This covers the basics. In the next post, I’ll go a little further and discuss adding additional fields to the new file, without having to type them in manually.

Transform Projections with GDAL / OGR

Tuesday, April 14th, 2009

The GDAL / OGR tools are an open source, cross platform, command-line toolkit that can be used for viewing GIS metadata, performing attribute queries, and converting file formats, among other things. It can also be used for transforming coordinate systems and projections for GIS files. I’ll demonstrate in this brief tutorial how to accomplish this using the OGR tools, which are for vector based GIS. The raster based GDAL tools work in a similar fashion.

Viewing basic coordinate system / projection info:

ogrinfo -al -so world_wgs.shp

Where ogrinfo is the name of the tool, -al is a switch to get detailed info about the layer, -so is a switch to display summary info, and world_wgs.ship is the name of our file. Run that command and we’ll get something that looks like this, with info about the features, coordinate system, and attribute fields of our shapefile:

INFO: Open of `world_wgs.shp’
using driver `ESRI Shapefile’ successful.

Layer name: world_wgs
Geometry: Polygon
Feature Count: 243
Extent: (-179.808664, -89.677397) – (179.808664, 83.435942)
Layer SRS WKT:
GEOGCS["GCS_WGS_1984",
DATUM["WGS_1984",
SPHEROID["WGS_1984",6378137,298.257223563]],
PRIMEM["Greenwich",0],
UNIT["Degree",0.017453292519943295]]
CNTRY_NAME: String (254.0)
FIPS_CNT_1: String (254.0)
ISO_2DIGIT: String (254.0)
ISO_3DIGIT: String (254.0)
STATUS: String (254.0)
COLORMAP: Real (18.6)
CONTINENT: String (254.0)
UN_CONTINE: String (254.0)
REGION: String (254.0)
UN_REGION: String (254.0)

Convert coordinate systems supported by EPSG

GDAL / OGR and most of the open source GIS software supports projections and coordinate systems that are part of the EPSG library. If you want to do a conversion between two coordinate systems and they are both supported by EPSG, you just have to reference the EPSG code that’s used to identity the system that you want to project to. You can look up codes using spatialreference.org.

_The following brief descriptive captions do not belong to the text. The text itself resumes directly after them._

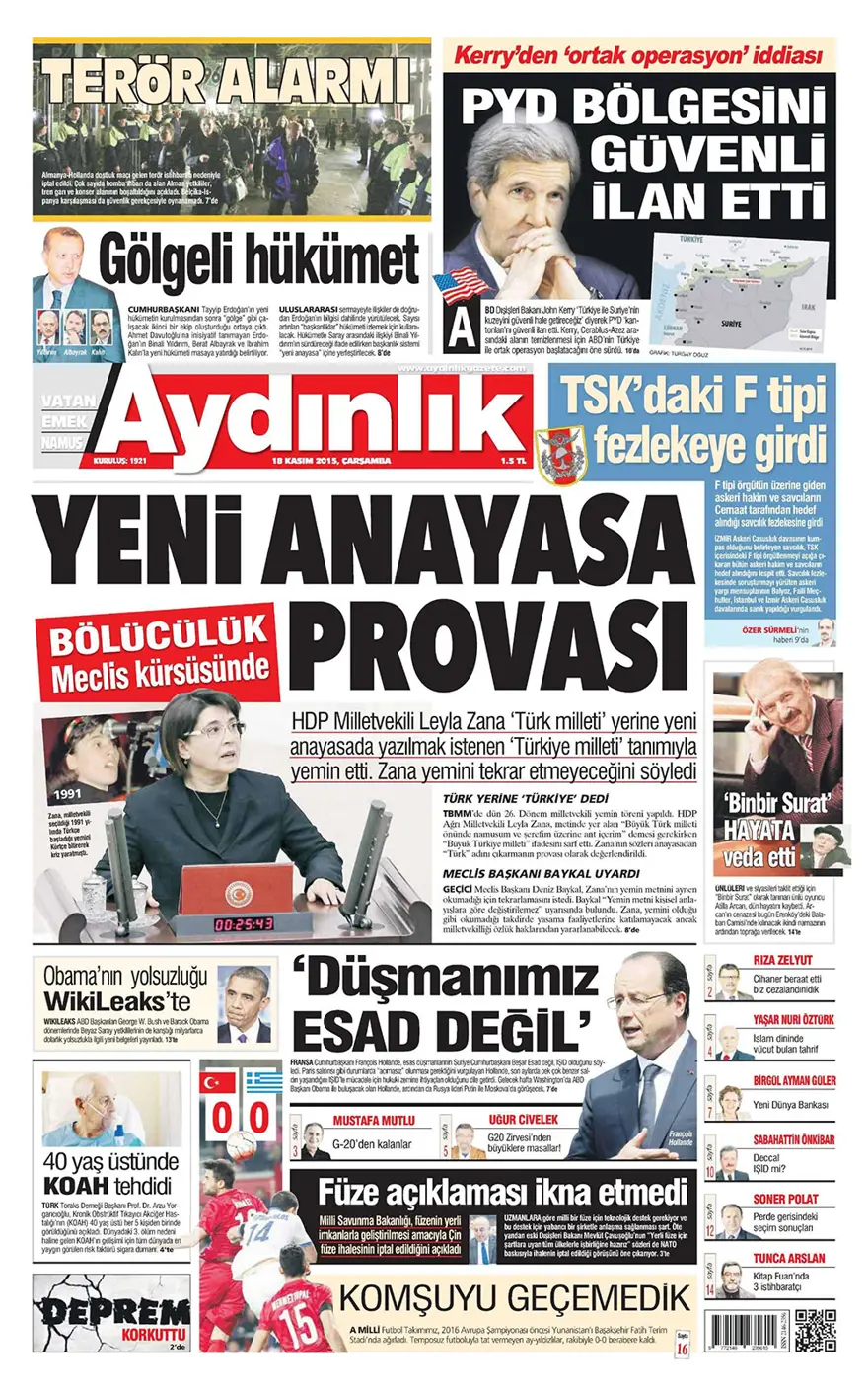 Günün gazete manşetleri - 18 Kasım 2015 15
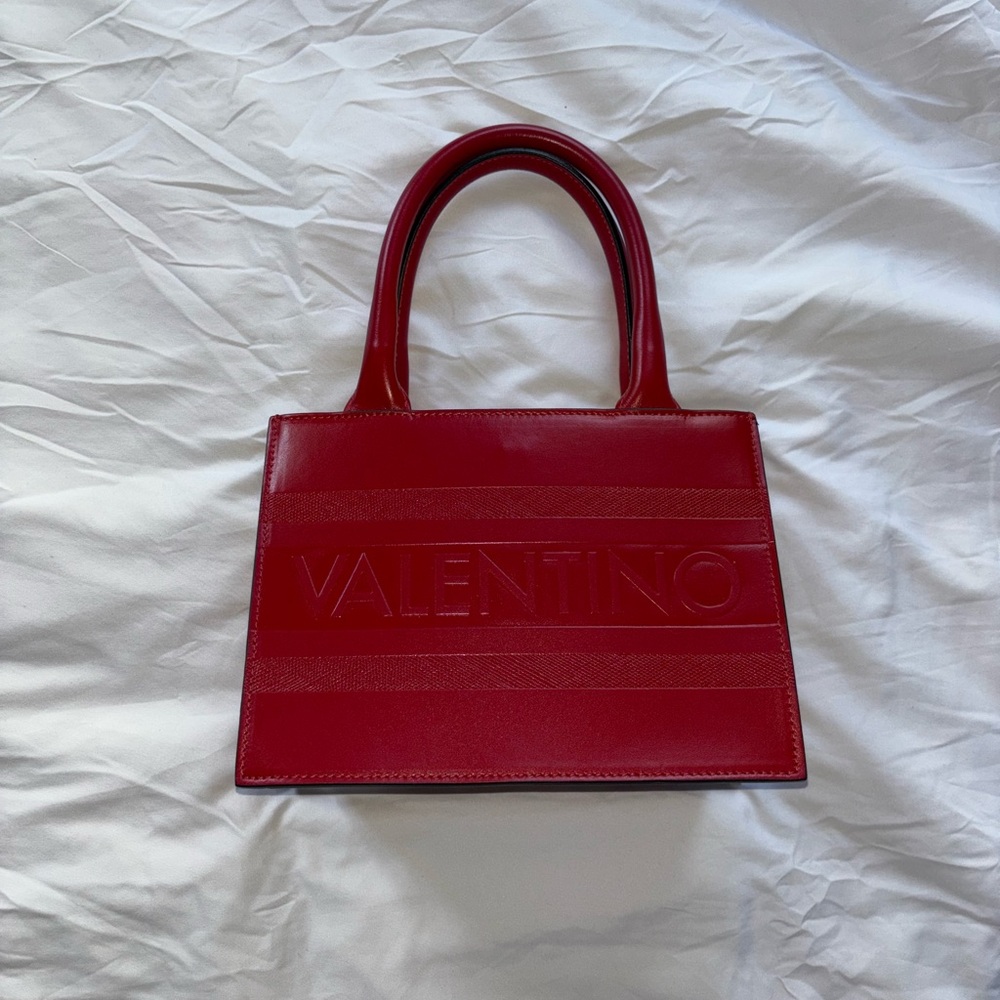 Valentino Red Structured Tote Bag with Embossed Logo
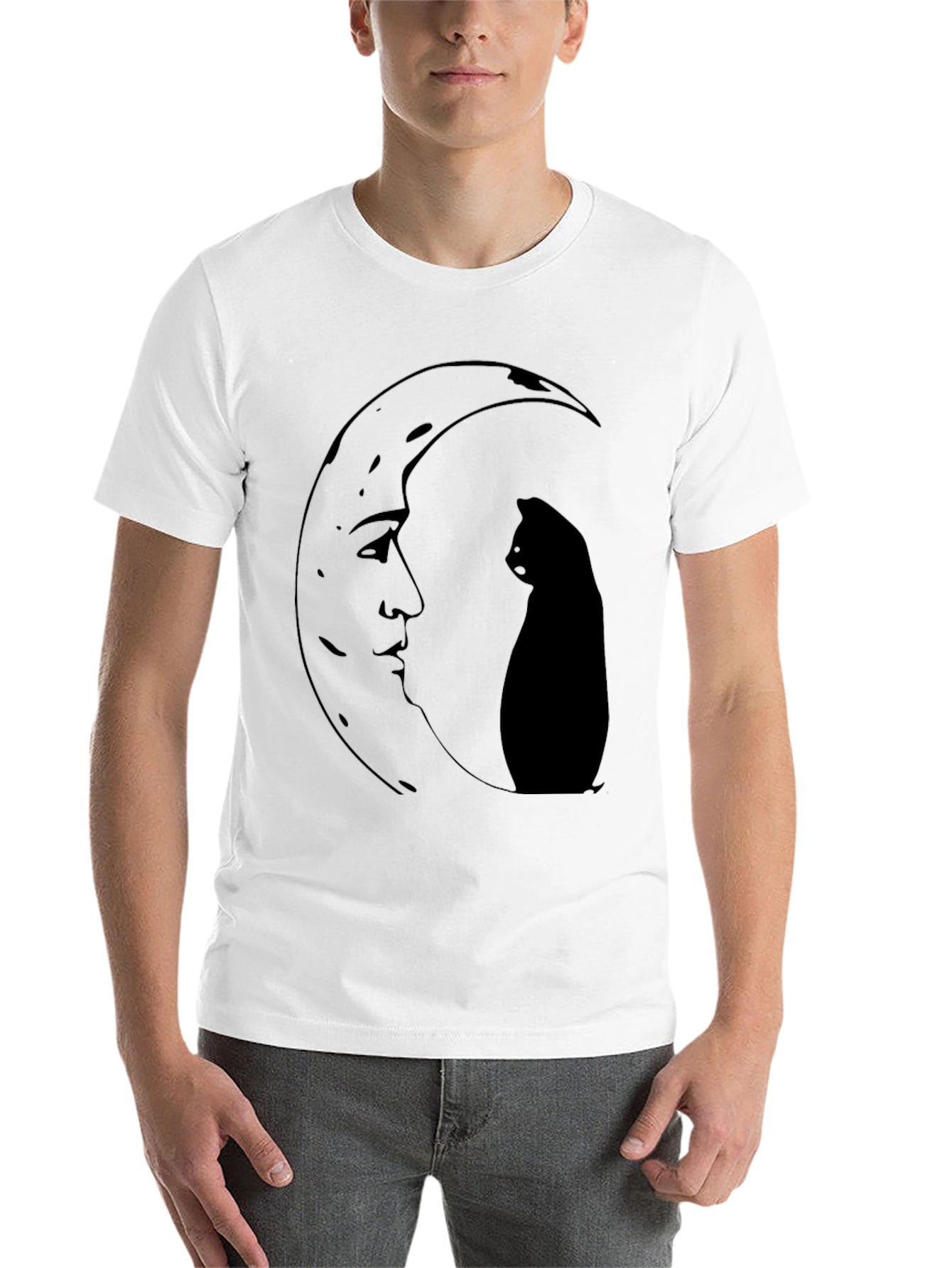 Black Moon Cat Graphic Tee - Black view 14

Let’s say we want to convert our shapefile that’s in WGS 84 (common lat and long) to NAD 83 (used frequently in North America):

ogr2ogr -t_srs EPSG:4269 world_new.shp world_wgs.shp

Where ogr2ogr is the name of the tool, -t_srs is the command for transforming from one coordinate system to the other, EPSG:4269 is the code that identifies the coordinate system we want the new file to have – NAD83, world_new.shp is the name of the output file that will have the new projection that we want, and world_wgs.shp is our input file. If you run the command and get no error message, you’re in good shape. Just run the ogrinfo command on the new file to verify that it’s been re-projected.

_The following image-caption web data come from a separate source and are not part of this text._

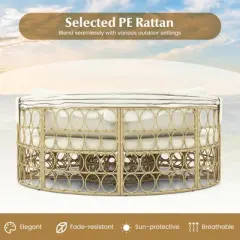 Tangkula Round Daybed w/ Retractable Canopy Soft Cushions for Patio Beige & Off White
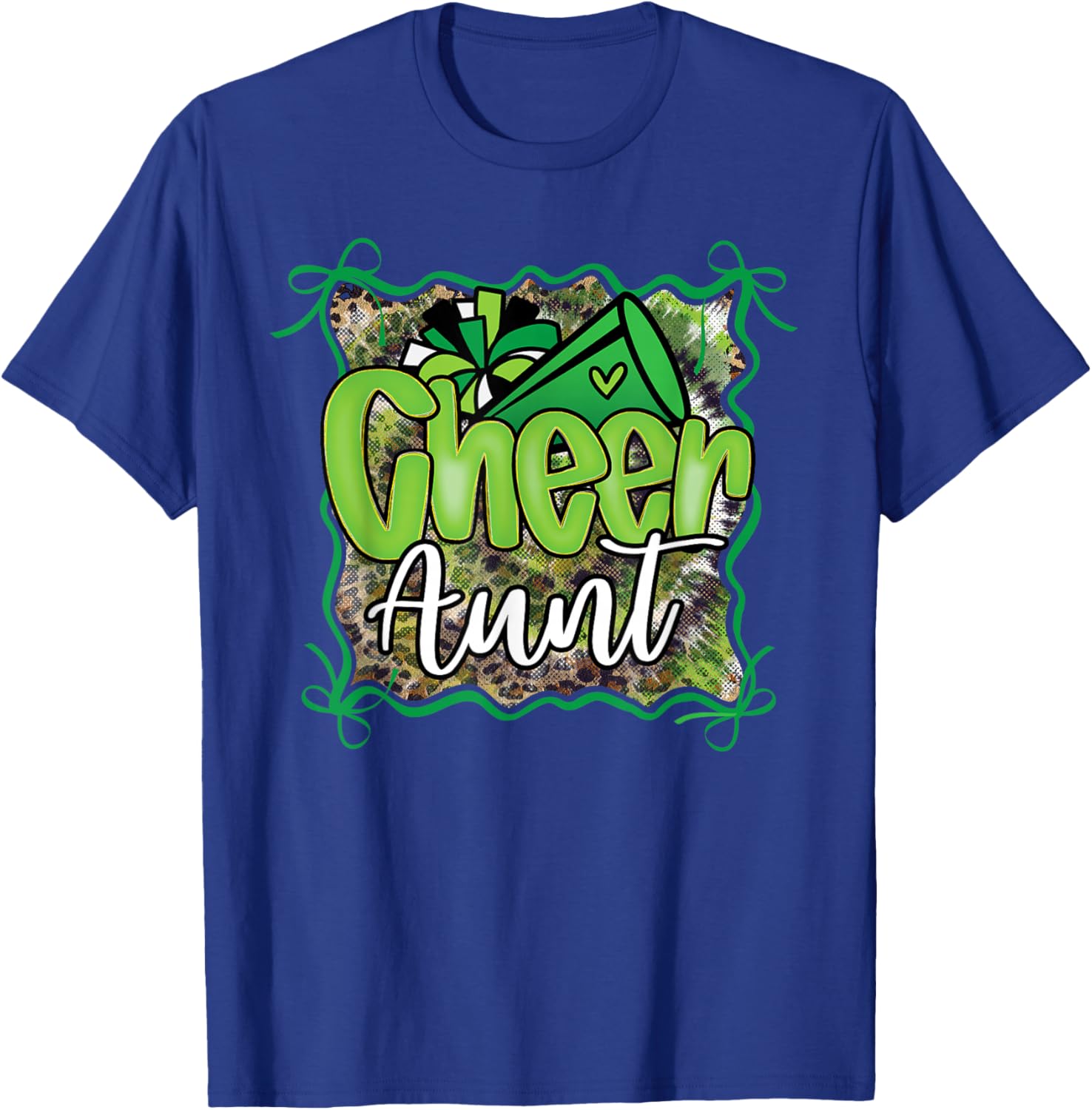 Cheer Aunt Auntie Bow Sport Cheerleader Cheerleading Green T-Shirt - T-Shirt | Royal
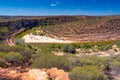 Murchison River and Canyon aerial view in Kalbarri National Park, Western Australia Royalty Free Stock Photo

Convert coordinate system not supported by EPSG

The EPSG library is extensive, but doesn’t contain everything, particularly some global and continental map projections. GDAL / OGR can still do the job, but you’ll have to provide the tool with the proper frame of reference since the EPSG library doesn’t have the info. Let’s say we want to project our WGS file to the Robinson Projection, which is not part of EPSG.

First, go back to spatialreference.org and search for Robinson. Its ID code is ESRI 54030 – not part of the EPSG library. Click on the link for the projection to open its window. You’ll be able to look at the projection data in a number of standard file formats. Select OGC_WKT from the list, and it will open the text in a new window, showing you the parameters of that projection. In your browser, go up to file, save as, and save the file as robinson_ogcwkt.txt in the same directory as the shapefile you want to reproject.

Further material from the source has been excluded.